Relations between South Korea and China are strained after Beijing on Tuesday said it is sending 20 North Korean defectors back to their country after arresting them late last month, despite urgent requests from South Korea not to send them to almost certain internment in a gulag, torture or death in the North.
But the South Korean government is under internal pressure for failing to do its Constitutional duty to protect them. Under the Constitution, all North Koreans are automatically South Korean citizens.
Chinese authorities recently cracked down on North Korean defectors in its three northeastern provinces and apparently arrested scores in Shenyang. A South Korean group helping defectors found out about what it said were 35 arrests and appealed to the media to prevent them from being sent back to the North. The ruling Grand National Party in an emergency meeting demanded that Beijing halt the repatriations, and the Foreign Ministry dispatched an official to speak with Chinese authorities, but to no avail.
The handling of North Korean defectors has put an increasing strain on South Korea's relations with China after the number of defectors surged in the wake of a famine in North Korea in the 1990s.
One incident was the repatriation of seven North Korean defectors from Russia, who had been caught after crossing a border from China. Russia sent back them to China, and Beijing initially promised to treat them based on humanitarian principles but ended up repatriating them to North Korea, even though they were granted refugee status by the UN Human Rights Commission. The incident has been considered one of Seoul's heaviest diplomatic failures.
Seoul has continuously demanded that Beijing stop repatriation of North Koreans, citing the torture and execution they may face once they are sent back. But China usually waits until global attention wanes before sending them back to the North. This pattern has persisted for the last decade.
Bejing says it takes domestic law, international law and humanitarian principles into consideration in dealing with defectors. Humanitarian principle usually prevail in areas where there is a South Korean embassy or consulate where the defectors can shelter, and they are then quietly allowed to go to South Korea.
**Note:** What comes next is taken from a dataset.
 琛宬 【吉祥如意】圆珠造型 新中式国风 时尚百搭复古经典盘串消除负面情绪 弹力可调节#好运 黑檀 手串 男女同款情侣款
But those captured elsewhere are sent back to the North according to Chinese laws and agreements with North Korea.
But in sending them back, China violates its obligations as a signatory to the UN Refugee Convention, which prohibits sending refugees back to their home country if there is a threat to their lives or freedom.
Grand National Party floor leader Hwang Woo-yea said, "Forced repatriation of North Korean refugees is a clear violation of the UN convention and we must do everything we can to stop this."